The culinary world says bon voyage to El Bulli, Ferran Adrià's exclusive and iconic Catalonian Mecca of molecular gastronomy
 A Farewell to El Bulli

This is it. July 2011 has reached its end, which means that El Bulli (or elBulli, as it likes to be called as of recently) is closing its doors forever – at last until it’s reborn as a culinary institute in a couple of years. In a statement of utter finality, the opening page of the website now reads: “elBullirestaurant has now closed and has been converted into elBullifoundation.” For those in love with molecular gastronomy or just singular dining experience, it’s an emotional day indeed.

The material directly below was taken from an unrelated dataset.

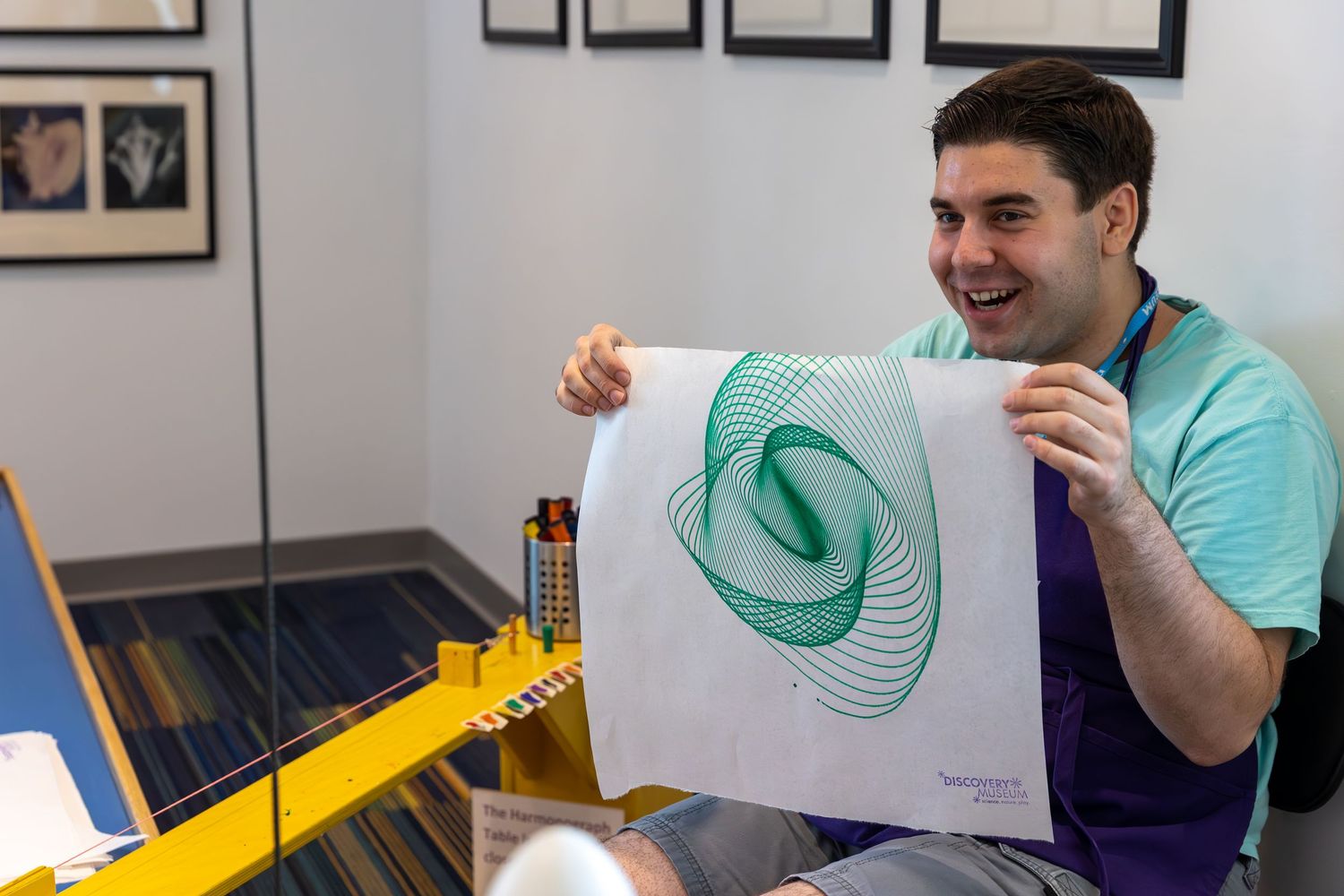 Two people laugh while sitting at a desk with framed artwork visible on the wall behind them.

Though the secluded restaurant opened on Spain's Costa Brava in 1961 and gained its first (of three) Michelin stars in the 1970s, Chef Ferran Adrià and his pioneering endeavors in molecular gastronomy are what launched El Bulli’s reputation into the stratosphere as a world-class foodie destination.




The fact that the restaurant has been slated for close has been known in the culinary community for a while now, with Chef Adrià already making plans for the future. As such, the internet has been ablaze with both fanciful stories from those who had the privilege of being there, as well as weary essays from those who can’t wait for food writers everywhere to have something new to focus on (not to mention tangential speeches from the likes of Alton Brown wondering whether the whole foam-and-caviar molecular gastronomy craze might be going too far and obfuscating the need for basic cooking skills).

The Huffington Post in particular has an impressive round-up of everything the collective internet hive mind has been saying about El Bulli for the past few months. More importantly, however, it reminds woeful readers that there’s life after El Bulli – as long as progressive restaurants like Noma and Alinea keep opening, there’s always something new to look forward to just around the bend.